Operation freezer cleanout is in effect. We've got 3 spring chickens on order from the farm down the hill, and a half a pig and a lamb on the way later in the year. And a freezer full of odds and ends: leftover pound cake from the baby's first birthday, saved for the fancy trifle that I'll never get around to making; a few cubes of enchilada sauce, not enough to use for anything much; bread ends; smoothie fruit...
And a cross rib roast, the final piece of meat of a grass-fed, organic beef sampler pack from one of our local heroes. I loved the idea of a selection of roasts and marinating and grilling steaks, but the actual cooking was painful and protracted.
I used to be a vegetarian, until one day the smell of bacon-y goodness lured me back to meat. I'm still picky--and we save up for meat in bulk from farms we've visited. And beef still tastes a little too "beefy" to me most of the time. So I stewed, making amazing winter dishes with onions and red wine and served with thick noodles, until I came to the roasting cuts. What the hell do I do with London broil? Bottom round? Cross rib?
There was some greyness, some toughness, some regrettable stringiness. I started to wonder whether beef was worth it. Whether grass fed was at fault. Until I Googled "cross rib" and found Jim H. and the simplest recipe ever.
I put the roast in a bowl with a generous amount of soy, sesame oil, mustard powder, chopped garlic, chopped ginger, salt, and pepper.

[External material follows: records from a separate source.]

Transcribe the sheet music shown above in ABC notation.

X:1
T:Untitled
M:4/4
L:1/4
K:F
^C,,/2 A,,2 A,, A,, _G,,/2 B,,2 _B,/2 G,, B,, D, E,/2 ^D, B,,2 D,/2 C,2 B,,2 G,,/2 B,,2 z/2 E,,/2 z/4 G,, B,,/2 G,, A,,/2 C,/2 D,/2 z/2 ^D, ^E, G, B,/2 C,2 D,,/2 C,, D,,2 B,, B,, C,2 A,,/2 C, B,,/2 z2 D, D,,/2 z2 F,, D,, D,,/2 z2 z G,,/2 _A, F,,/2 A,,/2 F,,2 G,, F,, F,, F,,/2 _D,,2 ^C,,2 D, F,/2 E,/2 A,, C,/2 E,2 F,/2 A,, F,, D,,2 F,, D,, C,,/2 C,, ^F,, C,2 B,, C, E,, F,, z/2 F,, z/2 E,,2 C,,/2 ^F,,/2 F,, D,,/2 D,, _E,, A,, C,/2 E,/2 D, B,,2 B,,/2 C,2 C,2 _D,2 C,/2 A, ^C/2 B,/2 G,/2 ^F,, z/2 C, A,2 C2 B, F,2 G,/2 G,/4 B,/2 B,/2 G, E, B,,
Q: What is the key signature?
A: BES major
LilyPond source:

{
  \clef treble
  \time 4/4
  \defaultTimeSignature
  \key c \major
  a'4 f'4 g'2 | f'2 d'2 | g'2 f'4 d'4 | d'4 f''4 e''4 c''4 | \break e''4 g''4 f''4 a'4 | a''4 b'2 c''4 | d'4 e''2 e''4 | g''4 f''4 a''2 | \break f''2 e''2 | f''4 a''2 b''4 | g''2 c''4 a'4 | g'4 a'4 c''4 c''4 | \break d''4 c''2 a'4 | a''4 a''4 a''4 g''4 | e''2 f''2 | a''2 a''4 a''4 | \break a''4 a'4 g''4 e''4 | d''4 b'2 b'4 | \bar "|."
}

We stuck it in the fridge for two days, turning when we remembered. Then into pan for browning and a 200-degree oven. It did take about 2 hours--through bathtime and the grownups' cocktail hour--and we took it out when the meat thermometer read 130 degrees.
I let it rest about 30 minutes while I roasted chunks of potatoes, sweet potatoes, and onions with rosemary and olive oil, and boiled some red wine and a chunk of butter down in the pan for a sauce. The meat was ruby red inside, rich and soft and minerally. The way beef is supposed to cook up, I imagine.
W., who has happily and enthusiastically eaten countless veggies and pasta for the past 10 years, said it was the best thing we'd ever made. (I vigorously defended lamb loin chops and homemade gnocchi, a pre-child special-occasion thing. But 15 minutes of actually work for "the best"? I'll take it.)
We cooked a 5-pound roast, which sounded like too much. But the baby loved the well-done edge pieces the next day, and W. ate thin slices in sandwiches with mustard and horseradish sauce. I cut the rest into strips and warmed it with sliced onion and red bell peppers that had been slightly blackened in a dry cast iron. A little squeeze of lime and into a warm tortilla with salsa, cilantro, and sour cream--fajitas. Really good. So simple.